The art of the album
Ambient Music Guide’s focus is on reviews of great essential contemporary ambient, instrumental and downtempo albums spanning the 1960’s through to the present day.
You’ll find most of the reviews in the Essential Albums & Artists section, but also in the annual Best Of Year features and – for brand new releases that I think are outstanding – occasionally on the AMG blog feed.
If you’re old enough to remember dull-sounding cassettes and crackly vinyl records, you would appreciate that the arrival of digital recording via compact disc in the 1980’s truly liberated the ambient zone. Quiet passages could be heard in pristine sound quality and free of crackles and hiss; sound effects and deep bass were reproduced in all their dynamic glory; and with a length of up to 80 minutes per disc the format was ideal for extended compositions and uninterrupted listening.
Now in the 21st century the game has changed again: the advent of digital downloads and streaming threatens to redefine the actual concept of the album itself, with users often free to pick and choose what individual tracks they want to purchase.
For now, however, the album format – whether on CD, download or streaming form – remains the prime vehicle of artistic expression in the ambient and downtempo worlds. It remains my main focus.
What I’ve covered and why
“Ambient and downtempo” is a broad church and I want to stress that AMG’s Essential Albums & Artists section is not and never will be comprehensive.
In the early 90’s when I began this project it started in that direction but within a few years I realised the impossibility of the task, whether laboured over by one writer or ten. An attempt at comprehensiveness is fraught with problems. With music that is so wilfully eclectic, just how far do you extend into jazz? Into rock? Into dance music?
Instead, the Essential Albums & Artists section concentrates on a more selective but still wide range of ambient, downtempo and atmospheric releases and artists that I think are fantastic and worthy of discovery. There are usually no complete discographies, except on rare occasions where every release by an artist, series or label happens to float my boat.
Some readers will no doubt find omissions of recordings they feel should have been included; others may disagree with certain inclusions. While I try to bring a certain objectivity to my writing, Ambient Music Guide is ultimately my personal view of music.
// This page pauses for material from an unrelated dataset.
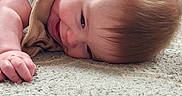 Wyatt is registered to the contest to win money with this photo: baby, smiling, lying_down, carpet, blanket, indoor, child, happy, cute, infant, soft_texture, head, face, skin, clothing, relaxed, toddler, young_child, portrait, cozy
It is not overseen by an editor or publisher so don’t complain too loudly of perceived prejudices and biases, because what you see is what you get.
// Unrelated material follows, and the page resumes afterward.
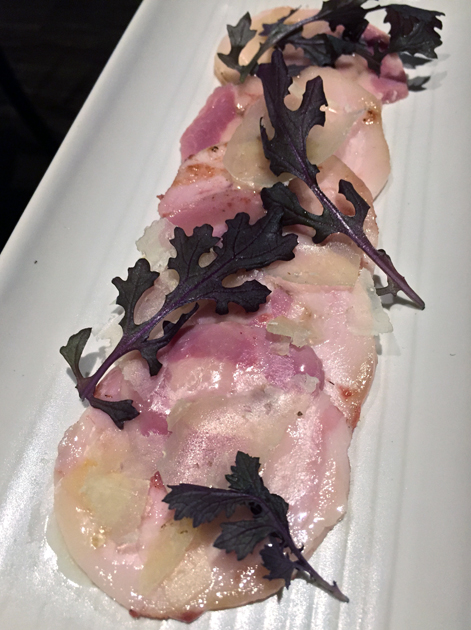 pork belly slices with apple dressing and pecorino cheese at the ninth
I am not a fan, for example, of much of the dissonant music labelled dark ambient, and I’ve ingested more than enough of it in my lifetime to know it’s not a viewpoint simply born of ignorance. Just as music that’s all sweetness and light bores me, an entire album of dissonance and atonality is enough to make me suicidal. It may be intelligent music that gets my respect, but to qualify for AMG coverage it needs more than that; it also needs my love. And besides, as you read through the reviews you’ll see that I do indeed love some music that falls within the dark ambient sub-genre.
So while not comprehensive, what I hope you will find here is depth and breadth of coverage. In addition to album recommendations I’ve also provided a deeper, historical perspective on many of the most significant and influential artists. Points are further illustrated with quotes from artist interviews done over the years, by both myself and other sources.
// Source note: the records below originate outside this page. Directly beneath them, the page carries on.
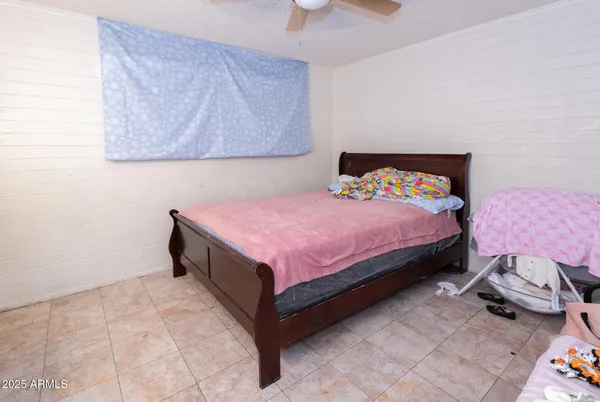 a bedroom with a bed and a chair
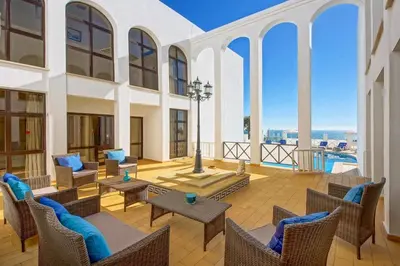 a living room with chairs and tables and a balcony at Villa Albuar in Patroves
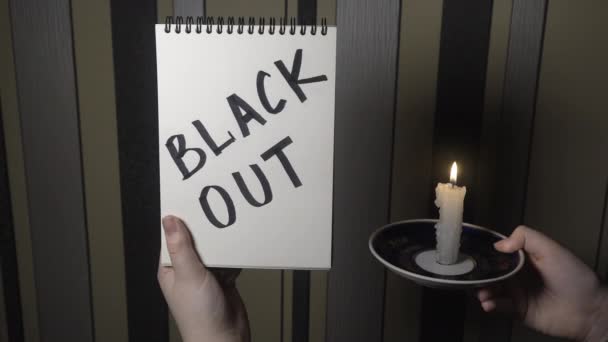Notepad Inscription Blackout One Hand Burning Candle Other Hand Close — Video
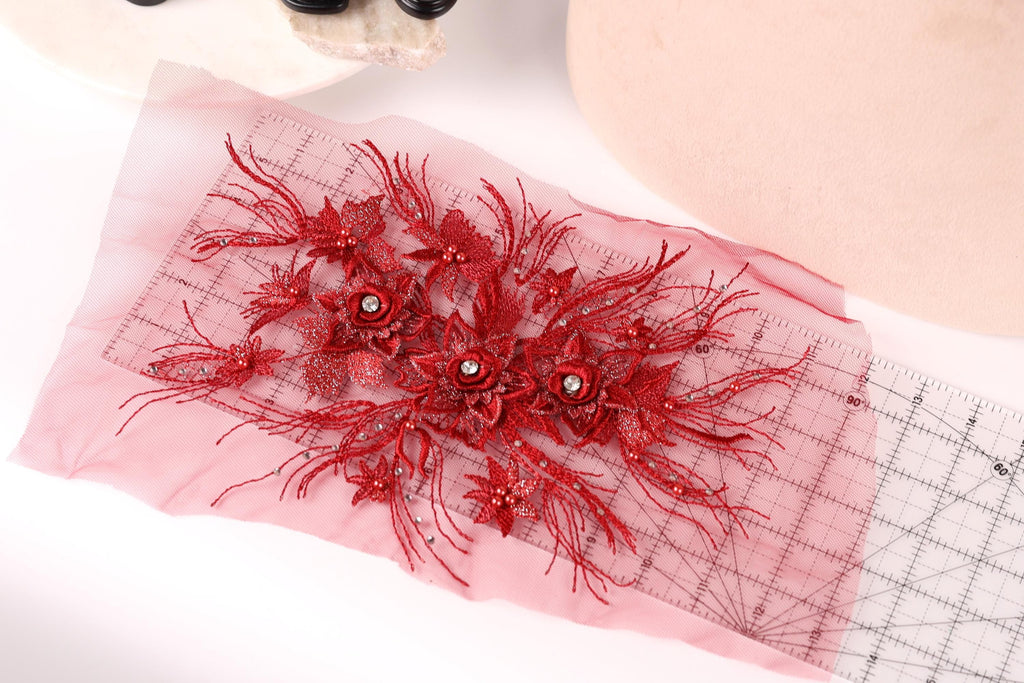 a close-up view of a red floral embroidery on a pink fabric, with a ruler and a pair of shoes visible in the background.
A definition of ambient & downtempo music
Finally, while keeping in mind that I believe a single definition of ambient to be useless, it seems wise to state some of the common features of the ambient and downtempo recordings I’ve reviewed. In these pages you’ll find music distinguished by some or all of the following traits:
- It’s often instrumental, and when vocal it usually emphasises the timbrel qualities of voice rather than actual lyrics.
- It’s subtle in its forms and invites close listener attention, even if it also works well as background.
- It doesn’t fit easily – or at all – into the mainstream classifications of rock, dance, folk, classical or jazz, and has been misunderstood or at worst ignored by music journalists and reference works in those genres.
- Thanks to jet age travel, the internet and the development of the synthesiser and studio technology this music can offer us musical meetings unheard of before the second half of the 20th Century.
Take a journey
If this guide leads you down even just one musical path previously unexplored, I feel it has succeeded. That path will hopefully lead you down many more. In it’s melding, crossing and subverting of genres the ambient and downtempo universe is mind-bogglingly vast. And with the advent of global on-line CD retailing, downloads and streaming, such music is now easy to hear and buy wherever you live on the planet.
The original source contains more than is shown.